Radio cross-section reduction of conformal antennas mounted on vehicles

Abstract

The radar cross section (RCS) of a vehicle/antenna combination is reduced by using an antenna and ground plane which are of substantially the same area, and using a frequency selective surface (FSS) in the regions on the periphery of the ground plain where the FSS is designed to be transparent and thereby pass out-of-band frequencies, while reflecting one or more operating frequencies of the antenna. A multilayer absorber below the FSS absorbs the out-of-band frequencies that a larger ground plane may have otherwise reflected to the body of the vehicle to which the antenna is mounted.

Description

FIELD OF THE INVENTION

Antennas are used in a wide variety of applications to guide vehicles, such as drones, missiles, planes and other aircraft, or track (e.g., tanks) other wheeled vehicles, from one point to another. Radiofrequency transmissions from the antenna as well as the vehicle on which it is mounted can be detected by third parties not intended to possess this information. This invention pertains to a configuration of the vehicle with one or more antennas thereon (radiating elements) where the detectable radio cross-section of the vehicle is reduced.

BACKGROUND

In military applications, there is a desire to produce vehicles which are difficult to detect using radars. This is accomplished by configuring the vehicle in a shape that is less detectable, or by covering the surface of the vehicle with radar absorbing materials. However, antennas are often used to guide military vehicles for homing, sensing, and communications, and the antennas themselves cannot be covered with radar absorbing materials without adversely affecting the performance of the antenna. When an antenna is used on a military vehicle such as a missile or drone, it is desirable to reduce the radar cross-section (RCS) of the vehicle/antenna combination as much as possible.
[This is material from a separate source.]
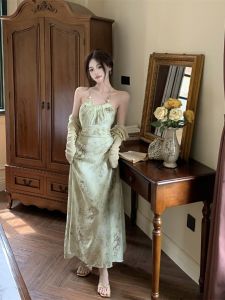 ชุดเดรสยาวคอวีแขนกุดทรงเอสไตล์ฝรั่งเศสสำหรับผู้หญิงในฤดูร้อน ดีไซน์เก๋ไก๋ กระโปรงทรงเอ กระโปรงยาวปานกลาง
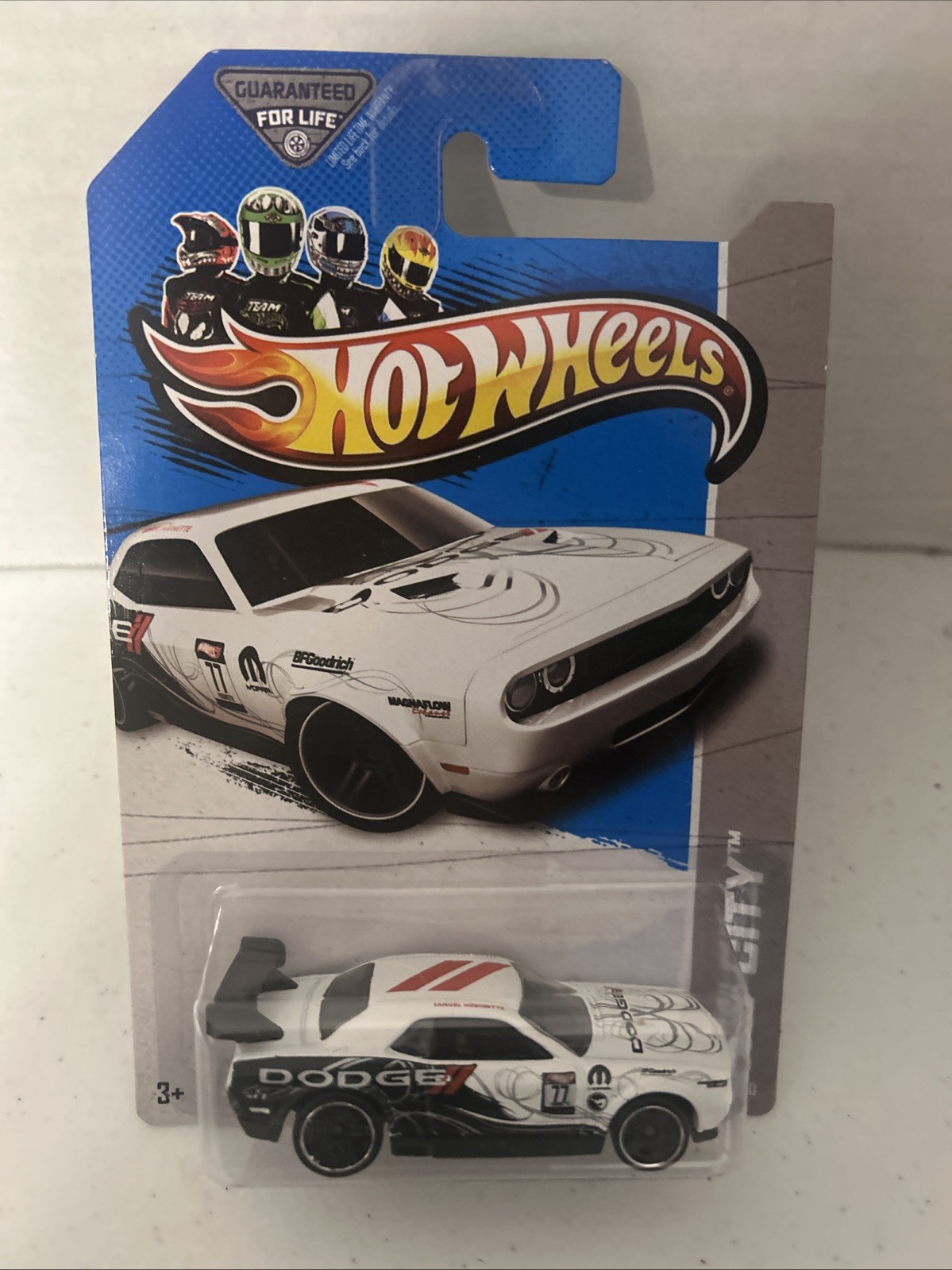 Hot Wheels 2013 HW City Dodge Challenger Drift Car Treasure Hunt #27/250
A common approach to reducing RCS is to modify the ground plane using a metasurface which either absorbs or diffuses incoming radiation so as to reduce the RCS. For example, Zhou-IEEE (Aug. 27, 2020) describes the configuration of a frequency selective rasorber (FSR) for low frequency diffusion and high frequency absorption where a metasurface is used to cover the ground plane of the antenna, and Joozdani-ICEE 2019 describes a mantle cloak for an antenna where a metasurface covers the ground plane of the antenna.

SUMMARY

In an application where an antenna is on a vehicle such as an aircraft (e.g., drone, plane, missile, etc.) or other vehicles (e.g., ship, tank or other track vehicle, or a wheeled vehicle), the antenna is mounted to the vehicle, and the vehicle itself is a major contributor to the RCS of the vehicle/antenna combination. With this insight, embodiments of the invention employ a ground plane of reduced size surrounded be a frequency selective surface (FSS) that is transparent at out-of-band frequencies and reflective at one or more operating frequencies of the antenna (radiating element).

The contribution to the RCS of from the ground plane can be significantly reduced by reducing the size of the ground plane, and this can be done without affecting the performance of the antenna, even when the ground plane is approximately the same size or only slightly larger than the footprint of the antenna. The body of the vehicle, which is not used in communications, homing or sensing, will produce less undesirable vibrations radiations because it does not receive reflections from the ground plane, which is of reduced size, and because the area surrounding the smaller ground plane incorporates an FSS which permits out-of-band frequencies to be passed to an absorber where they are absorbed and reflection is reduced or eliminated. However, the FSS is designed to reflect the one or more operating frequencies of the antenna, thus, the FSS can enhance the transmissions from the antenna which are desired, while effectively allowing the undesirable transmissions to be absorbed. The net effect of the invention is to significantly reduce the RCS of the combined vehicle/antenna combination.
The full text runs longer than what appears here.